The oldest track & field blog on the internet

Sunday, March 16, 2008

NCAA D-1, day two

Trackshark coverage
Results

In the pre-meet formcharts, Arizona State was a co-favorite to win the women's title but neither Trackshark nor Track & Field News had them in the top five on the men's side. The USATFCCA computer rankings had Arizona State's men ranked #1 for three weeks in a row, which made me think their system was crap.

How do you like them now? ASU pulled off the double victory. But I still don't know why a campus with an average January high temperature of 68 degrees has an indoor track program.

This is one of the big problems with our sport, and the college end of it in particular. A while back I mentioned that indoor track is not real track, and it set off quite a bit of criticism. Over at Runnerville there's a discussion about whether indoor track merits championship status.

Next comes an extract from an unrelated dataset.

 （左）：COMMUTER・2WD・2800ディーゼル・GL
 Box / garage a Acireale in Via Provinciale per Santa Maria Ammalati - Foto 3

My opinion is that indoor track is preseason track and nothing more. In the midwest and northeast, it's an absolutely necessary part of the track program, since competing or even getting good practice outdoors isn't much possible until about six weeks before the conference meet. Anywhere else, taking it seriously is a colossal waste of resources. But if championships and All-American status are offered, the overly competitive nature of D-I athletics takes over and no one really seems to gives a damn if your title was won indoors or out.

Yesterday
I saw the true amateurs, the true college athletes. With the exception of four quarter-milers from Texas, it seemed like everybody came from either the northeast or the midwest. But since D-3 stretches over the entire nation, it's safe to assume that the small schools have kept their heads about indoor track and warm-weather areas don't do much of it.

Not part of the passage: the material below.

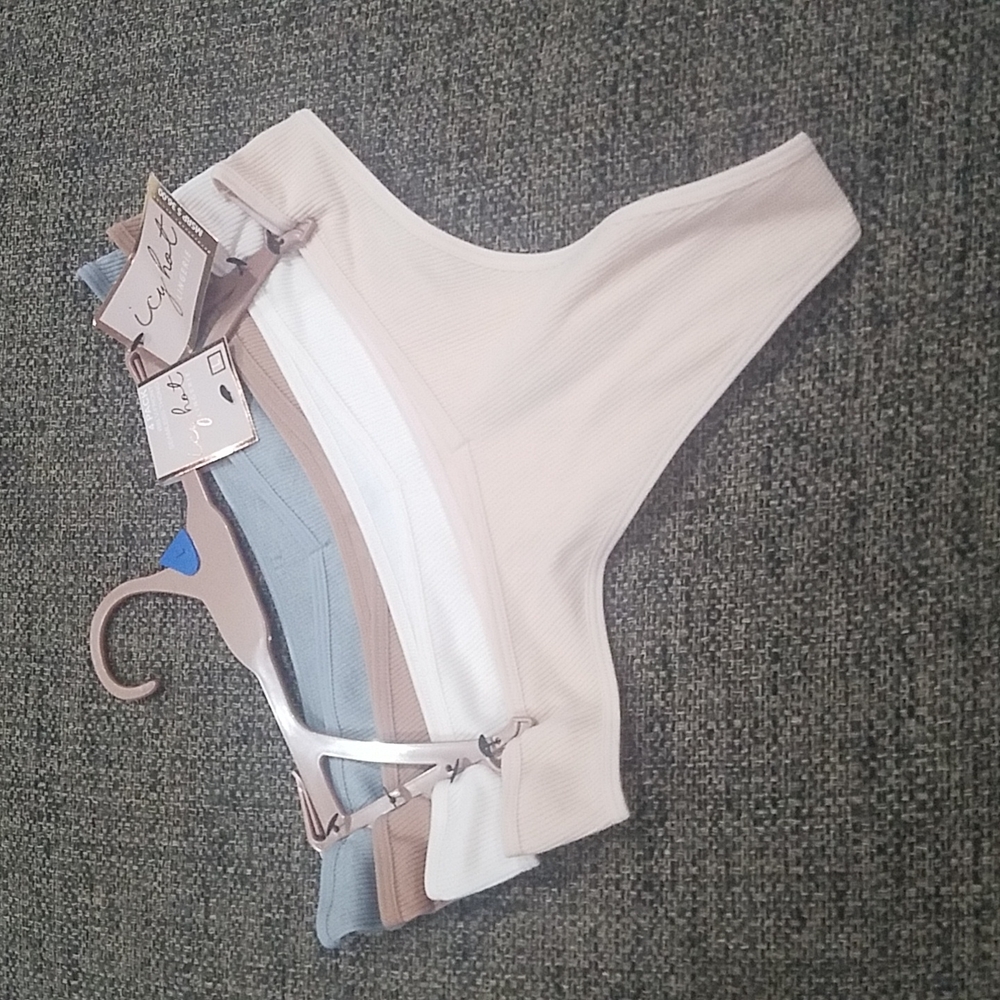 4 Pack Thong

One effect of an overemphasis on indoor track is stretching out the competitive season far too long, which wreaks havoc on distance runners and merely leaves most of the rest uninterested in summer competition. But it also leads to shortening the outdoor season, which limits opportunities for bona fide competition (everyone is looking for a good mark). Schools as small as Bowling Green or Kent State spend millions building indoor facilities. In the interest of getting marks for the indoor nationals, college athletes started avoiding the 160y banked board tracks decades ago, which limited the fields available for the big indoor pro-am invitationals, and they largely disappeared.

All in all, indoor track is fun and useful, but nothing more. Treating it as an end to itself is ultimately destructive to the sport.